FREEDOM SHIP/MARCUS REDIKER

Much has been written about the Underground Railroad, the incredible network that led many in bondage in the south to freedom in the northern free states. FREEDON SHIP by Marcus Rediker tells of a different story of a route to freedom.

FREEDOM SHIP reveals how crew members, dock workers and even some merchant ship operators collaborated to board and hide salves on merchant ships plying the US Atlantic Coast from South Carolina to Boston. This is the very metrhod taken by Frederick Douglass in his espape from Baltimore.

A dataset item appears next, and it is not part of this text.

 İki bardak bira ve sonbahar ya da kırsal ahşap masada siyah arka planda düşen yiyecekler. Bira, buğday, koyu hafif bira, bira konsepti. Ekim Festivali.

Thousands of slaves embarked on the treacherous journey over land and local waterways to reach local Atlantic harbors and with stealth find friendlies who would hide them aboard a ship heading north. It was a risky business, so much so that in South Carolina laws were past that crews of merchant ships from the North would be impounded while in the local harbor to prevent them from assisting runaways. Many merchant crews were made up of free blacks from the northern states.

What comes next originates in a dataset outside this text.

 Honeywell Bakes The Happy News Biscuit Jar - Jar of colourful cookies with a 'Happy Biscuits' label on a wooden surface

The high risk did not end upon boarding and setting sail. Slave catchers awaited incoming ships from the south at harbors in New York, Boston and New Bedford. However. abolitionists successfully set up dozens of safe houses for escaped slaves, providing food, clothing and in some cases help in moving north to Canada. Some successfully blended into northern society. Others who landed in New Bedford signed up as crew on whaling ships to avoid capture.

A fascinating story of teamwork among like minds that for some successfully thwarted the Fugitive Slave Act and the brutal slave culture.

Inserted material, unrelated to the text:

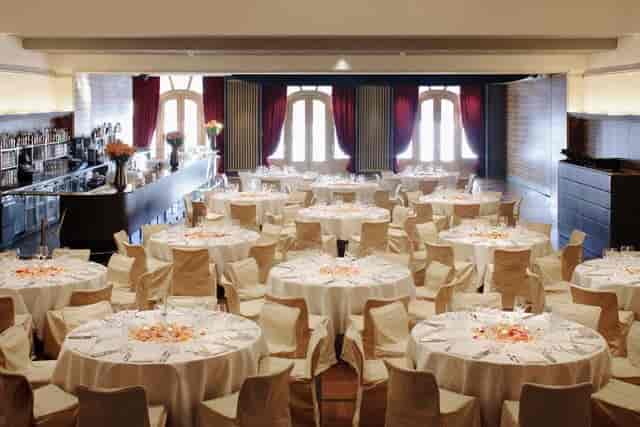 Banquet hall in Kaufleuten Zürich, elegant tables for formal events and celebrations.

FREDERICK DOUGLASS/ PROPHET OF FREEDOM

FREDERICK DOUGLASS/ Prophet of Freedom by Yale University Professor David W. Blight is a definitive insight into slavery, the abolitionist movement, The Civil War, Reconstruction and Jim Crow.  Moreover, this essential biography delivers a remarkable look into the personal life and character of Frederick Douglass, the remarkable man and his devotion to humanity.  This in depth work by Blight is an education, and as I have previously referenced in other great works of biography, every single word printed upon the 764 pages counts. There is little wonder that The New York Times honored this work as one of the Ten Best Books of the Year.  I wholeheartedly agree.

 

Frederick Douglass followed William Lloyd Garrison to become the single most important voice of the abolitionist movement. Douglass, the self educated escaped slave was among the greatest writers and the unequaled orator of his time. He wrote three autobiographies, edited two newspapers and delivered hundreds of lectures in small and large communities throughout the country.   Blight captures the enormity of Douglass’s impact on a segregated slave holding nation during the mid-eighteenth century and throughout the Civil War. Following the war, Blight unveils Douglass’s sense of extreme urgency over the fate of his people throughout the tragedy of Reconstruction, and the coming of Jim Crow. Blight leaves no doubt that Frederick Douglass was a revolutionary in his time.

‘’For it is not light that Is needed, but fire; it is not the gentle shower but thunder. We need the storm, the whirlwind and the earthquake. The feeling of the nation must be quickened….the hypocrisy of the nation must be exposed.”   Frederick Douglass, July 4th 1850,  Corinthian Hall, Rochester New York. Douglass could move an audience at will.

FREDERICK DOUGLASS/Prophet of Freedom, a biography of the most important African American of the 19th Century.

This book is an excellent companion read for anyone following The New York Times Podcast 1619.